Operationele benchmarking. Deze vorm richt zich op de kostenniveaus en operationele processen die leiden tot het product.
Strategische benchmarking. Deze vorm richt zich op een analyse van het concurrentievoordeel van een organisatie.
Binnen de eerste twee vormen is nog een verder onderscheid aan te brengen op basis van de maatstaf bij de vergelijking: andere organisaties of bepaalde standaarden. Cuypers en Opdenakker (2004) onderscheiden vier verschillende typen van benchmarking. Met uitzondering van functionele benchmarking worden onderstaande typen ook onderscheiden door Marcelis en Bestebreurtje (2004):
Interne benchmarking. Er wordt een vergelijking gemaakt met ondernemingen die dezelfde activiteiten ontplooien in verschillende regio‟s (zusterbedrijven of collega‟s). Volgens de auteurs zijn dit soort benchmarks relatief makkelijk op te zetten, maar leveren zelden resultaten op die daadwerkelijk leiden tot verbetering.
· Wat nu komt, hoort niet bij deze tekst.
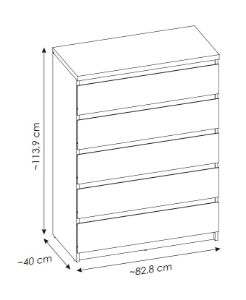 Obrazek Komoda z szufladami Fribo FRIK06 dąb ribbeck złoty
Competitieve benchmarking. Hierbij gaat het om vergelijkingen met directe concurrenten. Dit is niet onmogelijk, maar wel moeilijker uitvoerbaar dan interne benchmarking. De resultaten van competitieve benchmarks leiden volgens de auteurs vaak tot het kopiëren van elkaars werkwijzen, terwijl dit niet direct een verbetering hoeft te zijn.
Functionele benchmarking. De vergelijking wordt gezocht met organisaties met de dezelfde functionele activiteiten die geen concurrent van elkaar zijn.
23
Generieke benchmarking. Dit is het vergelijken van ondernemingen die een andere bedrijfsactiviteit hebben, maar op onderdelen wel overeenkomsten vertonen. Het voordeel van dit type benchmarking is dat de informatie-uitwisseling vaak geen „relatieproblemen‟ oplevert, omdat men geen concurrent van elkaar is. De generieke benchmarking levert volgens de auteurs dan ook vaak de beste resultaten in relatie tot de doelstelling andere en nieuwe benaderingen te ontdekken om eigen processen en werkwijzen te verbeteren.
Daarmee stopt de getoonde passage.